When the once affectionate mother becomes a grumpy, irascible grantler at the end of her life, or her partner reacts more and more suspiciously and aggressively as she grows older, many people consider this normal. This was the result of a representative survey by the polling institute TNS-Emnid. As many as 1, 005 people were interviewed and nearly three quarters (73 percent) thought that such personality changes were common side effects of aging, with only 19 percent suspecting that a disease could be behind them, and 8 percent did not provide any information.
Striking Behaviors - A Dementia Disease?
The background of the Emnid study is that striking behavioral changes such as increased restlessness, aggressiveness and hostility, a reversal of the day-night rhythm or even increased depressive moods can often be early signs of Alzheimer's dementia. If one notices such disorders, it would therefore make sense to consult a doctor who can clarify the causes and initiate effective treatment early on.

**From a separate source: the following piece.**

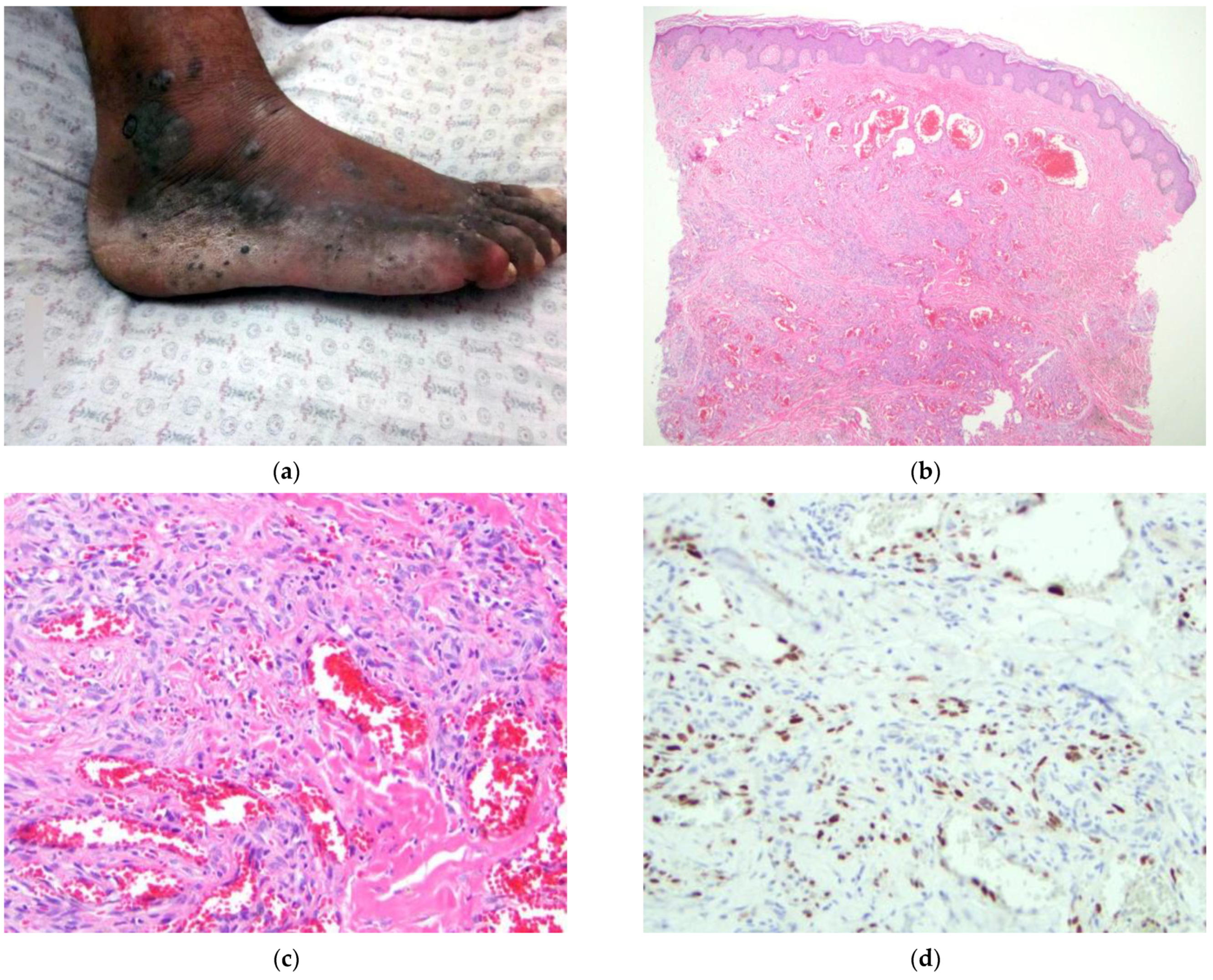 Dermatopathology 09 00030 g005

In fact, as the study reveals, while the sufferers and their relatives perceive the symptoms, the wrong or no conclusions are drawn. For example, 56 percent of respondents said that they themselves knew someone who showed such changes in nature. Hardly any third party would therefore talk to a doctor.
High suffering for all
Instead, the daily interaction in the marriage or the family often suffers from the behavioral disorders to a considerable extent. Quarrels and frustration, however, could often be avoided if the symptoms were recognized as being due to illness, accepted and treated properly. In addition to a detailed consultation, for example, a therapy with a specially approved for these behavioral drug ingredient called risperidone could significantly improve the symptoms and relax the family situation considerably.
So a visit to a doctor is always recommended if you observe suspicious changes in your behavior or personality in yourself or in a loved one.
Doctor visit is worthwhile
If the disease were detected earlier, not only could the behavioral disorders be eliminated, but also the overall course of the disease could be better influenced, according to Alzheimer's experts. It has long been known that dementia often rages in the brain for years before a doctor is finally called in. Mostly then the affected person has already lost a large part of his intellectual abilities.
If you could initiate a treatment in time with the existing anti-dementia drugs such as the snowdrop drug galantamine, the further progression of Alzheimer's dementia could be slowed down for a few years.